How to Ensure Robust Net-Zero Targets
Net-zero targets help chart a long-term path for countries to plan for and act on what the science says is urgently needed on climate. When setting such a target, countries commit to reaching a balance between residual emissions deemed too difficult to abate and emissions removals through natural or technological solutions, such that the net balance of additions and subtractions reaches zero.
WRI has published extensive guidance for countries seeking to design and communicate robust national net-zero targets. This research emphasizes that in order to drive the credible and urgent change required to meet the moment, net-zero targets must be both ambitious and transparent. To this end, they should:
- Aim for midcentury or earlier.
- Cover all sectors across the economy, all greenhouse gases (GHGs) recognized by the United Nations Framework Convention on Climate Change (UNFCCC), and include emissions from international shipping and aviation.
- Include a gross emissions-reduction target — a set amount of gross GHG emissions-reductions — for the same year as the net-zero target.
- Include a commitment to avoid or limit reliance on international offsets.
- Inform near- and medium-term action, including 2030 targets.
So, how do the 74 national net-zero targets that have been communicated over the last few years — including those that were announced during COP26 — actually stack up?
1. Most countries aim to achieve net-zero emissions by midcentury.
The real impetus for setting net-zero targets came in 2018, with the IPCC finding that the world must reach net-zero emissions globally by midcentury in order to keep 1.5 degrees C (2.7 degrees F) — the Paris Agreement’s highest ambition temperature goal — within reach. To contribute to this global effort, countries should set net-zero targets by midcentury or earlier, with historical emitters and countries with the greatest capacity leading the way in ambition.
After the recent 26th UN Climate Summit, where the Glasgow Climate Pact recognized the importance of reaching net-zero emissions by around midcentury, it is promising to see that most of the 74 national net-zero targets today aim for 2050 or earlier.
Moving forward, countries with net-zero ambitions for after midcentury — especially countries with greater capacity and resources (i.e., Russia) — should strongly consider earlier targets to exhibit greater ambition and keep the world on track for limiting climate change. And countries that have yet to come forward with a net-zero target, including key emitters like Indonesia, Mexico and South Africa,ii should do so while keeping the necessary timeline top of mind.

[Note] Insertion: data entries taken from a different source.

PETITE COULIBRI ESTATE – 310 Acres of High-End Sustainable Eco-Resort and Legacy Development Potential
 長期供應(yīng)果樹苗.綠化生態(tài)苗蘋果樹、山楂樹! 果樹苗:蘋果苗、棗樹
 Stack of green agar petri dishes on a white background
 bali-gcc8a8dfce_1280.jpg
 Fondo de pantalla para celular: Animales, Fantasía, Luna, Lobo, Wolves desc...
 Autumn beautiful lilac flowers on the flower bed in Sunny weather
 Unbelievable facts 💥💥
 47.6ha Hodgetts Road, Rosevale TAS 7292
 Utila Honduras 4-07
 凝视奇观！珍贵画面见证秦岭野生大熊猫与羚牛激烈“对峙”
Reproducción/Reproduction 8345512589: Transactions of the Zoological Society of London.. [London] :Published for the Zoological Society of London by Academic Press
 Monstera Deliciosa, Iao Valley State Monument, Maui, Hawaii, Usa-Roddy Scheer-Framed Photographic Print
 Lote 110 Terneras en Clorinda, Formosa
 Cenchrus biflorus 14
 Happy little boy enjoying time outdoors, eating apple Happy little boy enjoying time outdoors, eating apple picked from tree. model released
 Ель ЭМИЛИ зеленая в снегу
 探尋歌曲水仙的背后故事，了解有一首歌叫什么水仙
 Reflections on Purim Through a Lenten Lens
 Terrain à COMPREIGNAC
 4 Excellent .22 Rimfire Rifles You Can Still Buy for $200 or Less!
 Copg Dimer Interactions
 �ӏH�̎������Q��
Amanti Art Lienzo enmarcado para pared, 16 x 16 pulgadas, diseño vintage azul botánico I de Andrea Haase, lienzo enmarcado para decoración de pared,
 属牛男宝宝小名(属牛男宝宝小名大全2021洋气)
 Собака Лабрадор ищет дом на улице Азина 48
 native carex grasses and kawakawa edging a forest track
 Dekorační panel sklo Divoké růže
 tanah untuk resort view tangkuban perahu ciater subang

2. Most net-zero targets cover all sectors, but communication around coverage of GHGs and emissions from international shipping and aviation is lacking.
To maximize ambition, there is wide consensus that net-zero targets should be designed to cover all domestic sectors and all UNFCCC-recognized GHGs. They should also cover emissions from international shipping and international aviation, which often comprise significant portions of countries’ emissions profiles.
The majority of the 74 net-zero targets communicated clearly state they intend to cover all domestic sectors — including energy, industrial processes, agriculture, waste and land use, land-use change and forestry (LULUCF) — within their purview. This is a strong signal that countries understand the importance of decarbonizing and transforming their entire economies.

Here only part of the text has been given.